とても寒かっただろう。夏も終わり、秋のからっ風が吹いている中、君はまだ半袖Tシャツにホットパンツを履いていた。
「ねえ、どうしたの。寒くないの」
釣りの帰り、たまたま灯台の前を通りかかった僕は、たまらずそう喋りかけたんだ。
「寒くない、といえば、嘘になるわね……」
君はぎこちない笑顔で答えた。
「何をしているの」
僕はもう一度尋ねてみたんだ。なぜか、君を、助けなきゃ、と思ってね。端正な顔立ちの君に、どきまぎしていたのかもしれない。
「……彼氏をね、待っていたの。でも、もう来ないから、待つのはやめようって思って。でもやっぱり、ずっとここで、待っているのよね」
「これ、着なよ」
あまりにも寂しげで、切なげな君に気圧されて、僕は自分の着ていたジャージを渡した。半袖シャツだけになると、やはり寒い夜だ。風邪をひいてしまう。
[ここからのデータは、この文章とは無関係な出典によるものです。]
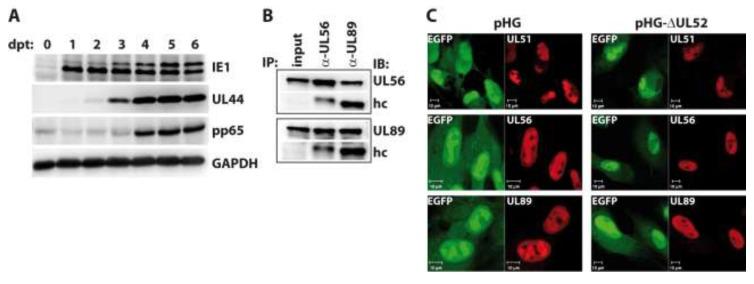https://cdn.ncbi.nlm.nih.gov/pmc/blobs/09cd/3917448/7933c30b7729/viruses-06-00354-g004.jpg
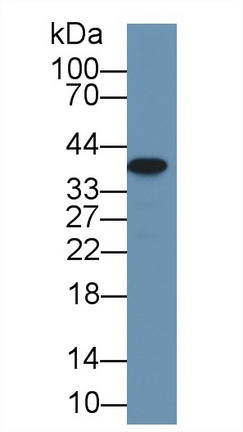 Polyclonal Antibody to Arginase II (Arg2)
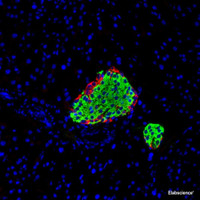 Immunofluorescence analysis of paraffin-embedded Mouse pancreas using GCG Polyclonal Antibody at dilution of 1:200.Red is labeled with glucagon antibody and green is labeled with insulin antibody.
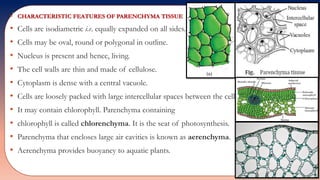 • CHARACTERISTIC FEATURES OF PARENCHYMA TISSUE
• Cells are isodiametric i.e. equally expanded on all sides.
• Cells may be oval, round or polygonal in outline.
• Nucleus is present and hence, living.
• The cell walls are thin and made of cellulose.
• Cytoplasm is dense with a central vacuole.
• Cells are loosely packed with large intercellular spaces between the cells.
• It may contain chlorophyll. Parenchyma containing
• chlorophyll is called chlorenchyma. It is the seat of photosynthesis.
• Parenchyma that encloses large air cavities is known as aerenchyma.
• Aerenchyma provides buoyancy to aquatic plants.
 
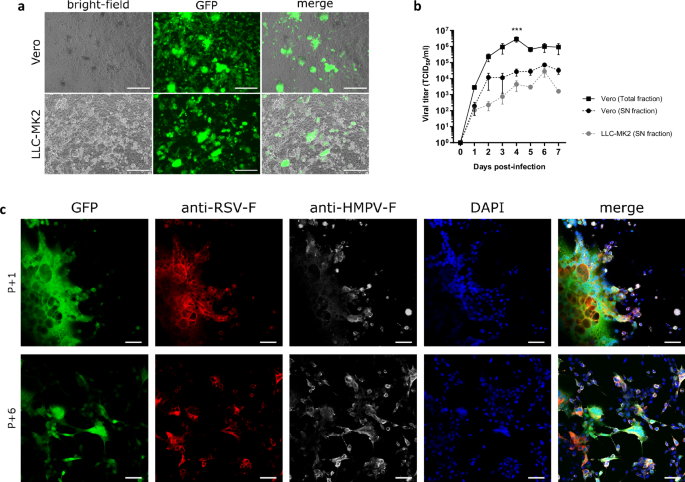 Metavac-RSV mucosal bivalent vaccine candidate protects cotton rats against pneumoviruses and is produced using serum-free cell culture in bioreactor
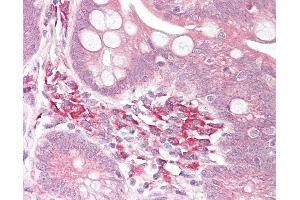 Anti-USP7 antibody IHC of human small intestine. (USP7 antibody  (AA 1050-1100))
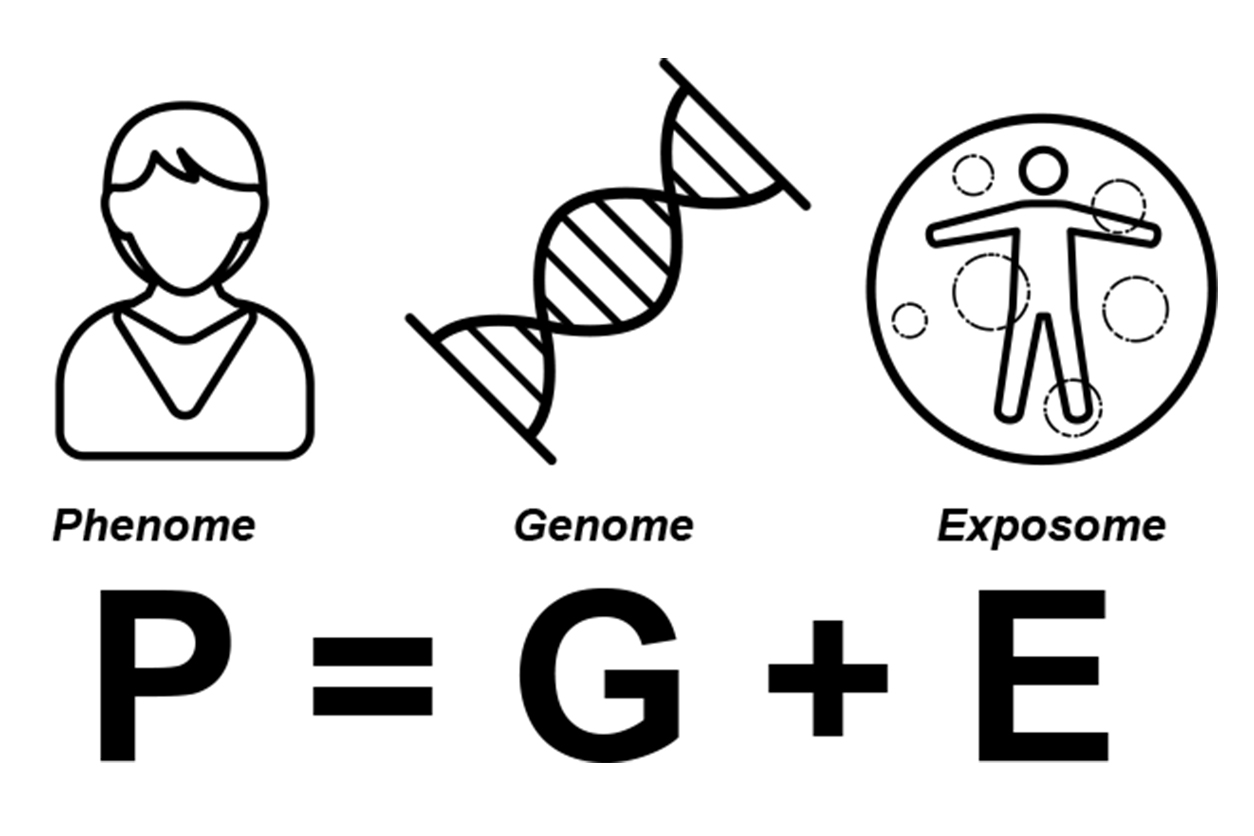 P (phenome) = G (genome) + E (exposome)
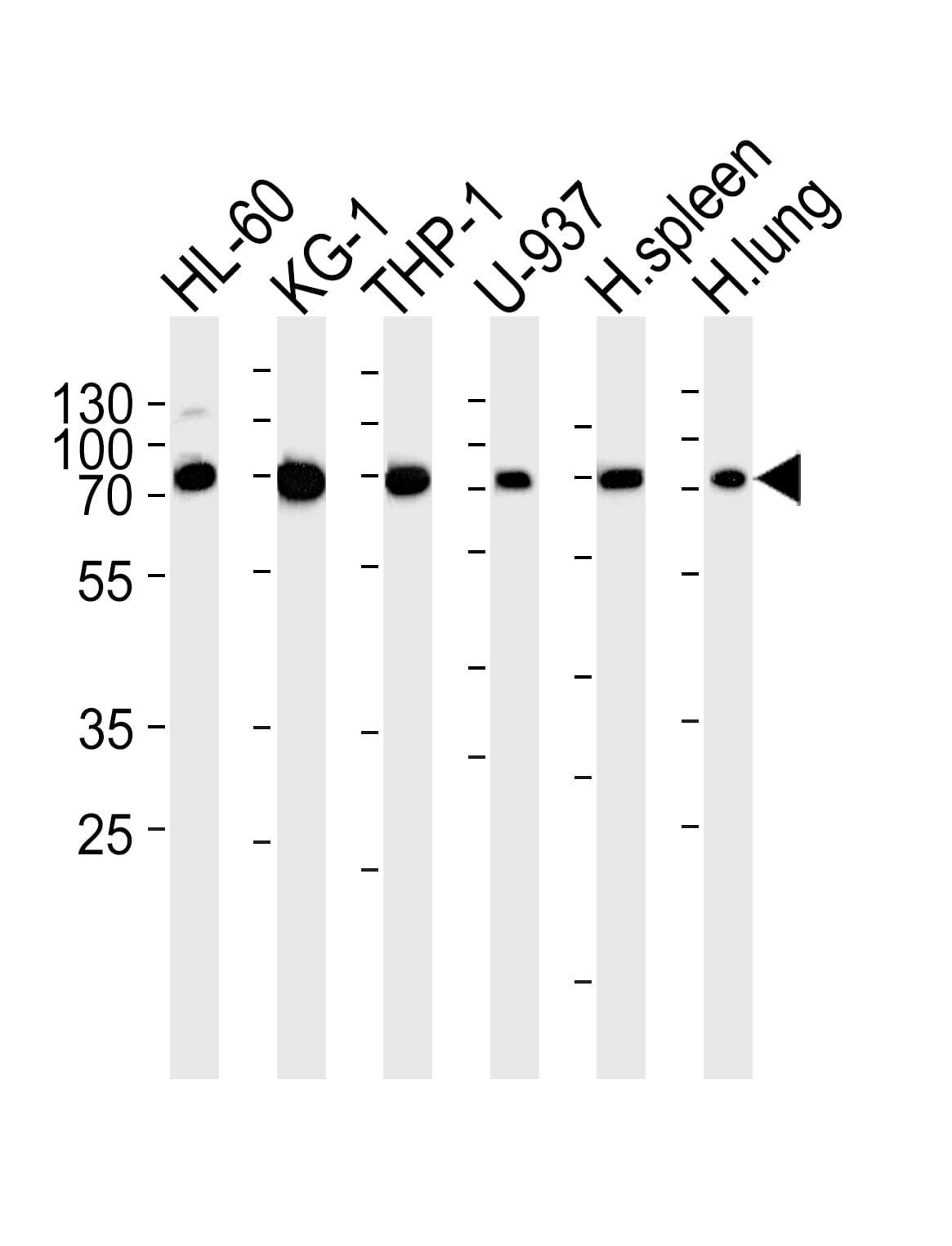 CXCR2 Antibody (aa7-38)
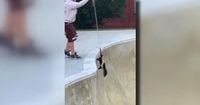 Skateboarder gets creative to rescue stranded skunk in video that went viral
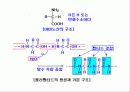 영양화학 4장. 단백질(Protein) 5페이지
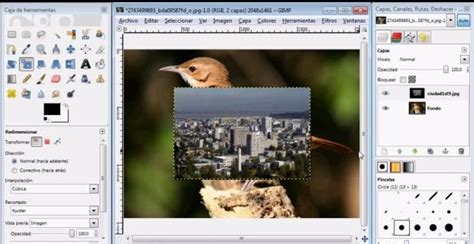 Programas y aplicaciones para retocar fotos y editar imágenes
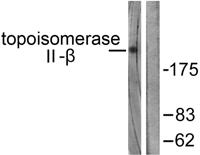 Topo IIβ Polyclonal Antibody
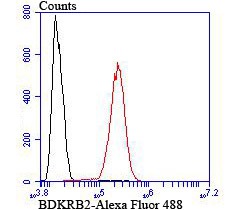 Anti-BDKRB2 Antibody (4Y573)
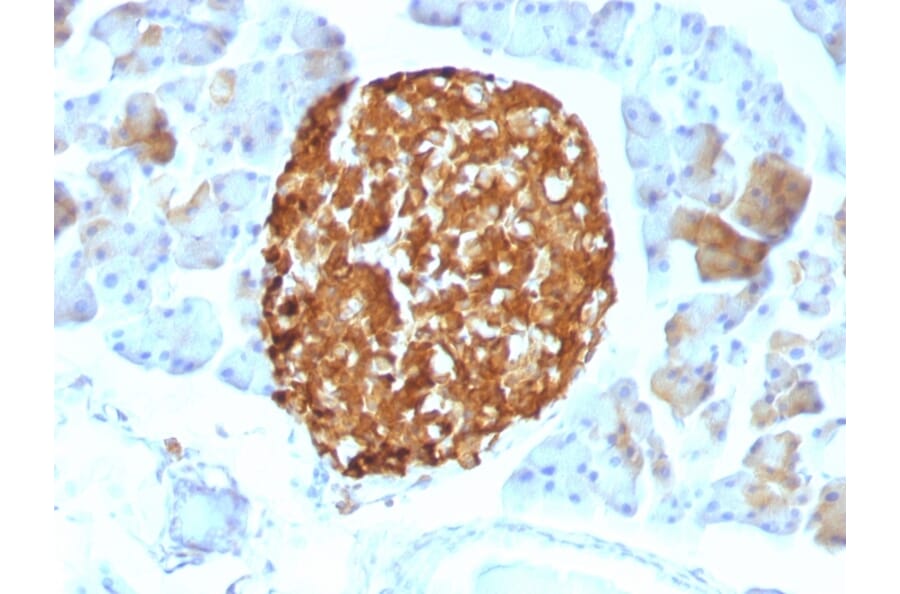 Immunohistochemistry - Anti-Chromogranin A Antibody [LK2H10] - BSA and Azide free (A251379) - Antibodies.com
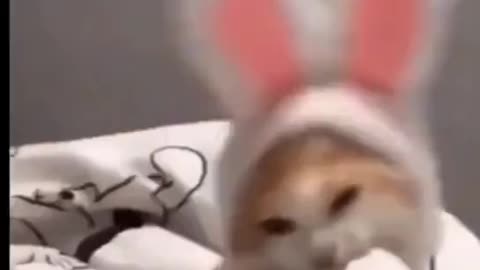 Viral video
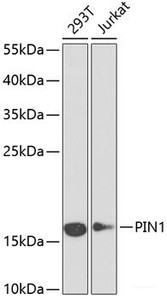 Western blot analysis of extracts of various cell lines using PIN1 Polyclonal Antibody at dilution of 1:1000.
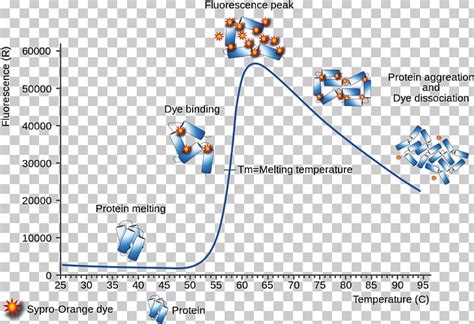 Thermal Shift Assay Tryptophan Protein Diagram Biochemistry Png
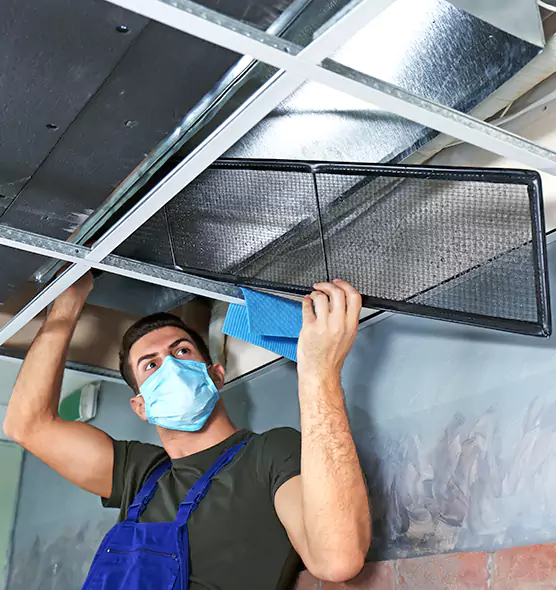 About Air Duct Bacteria Removal in St. Peters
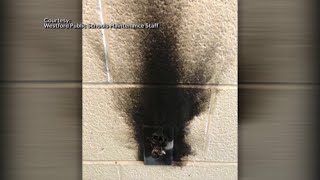 Student facing charges after viral challenge sparks fire at school [upl. by Armahs]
「僕の家、すぐそこなんだ。だから、あげる。風邪ひかないように」
戸惑う彼女に言葉を重ねる。そして、ジャージを押し付ける。
「ありがとう。今度洗って返すわ」
はにかみながら、君は僕のジャージを羽織った。サイズが合わないようで、肩がずり落ちていた。
「じゃ、わたし、かえる。そうする」
君はずっと立ち上がり、そして、あっという間に海へと飛び込んだ。
「びっくりした? わたし人魚なの。また会おうね」
驚く僕を見て、悪戯っ子のように笑って、君は海の中へ消えていった。
これが、君との出会いの話。僕は、君が、笑った顔がとても好きだった。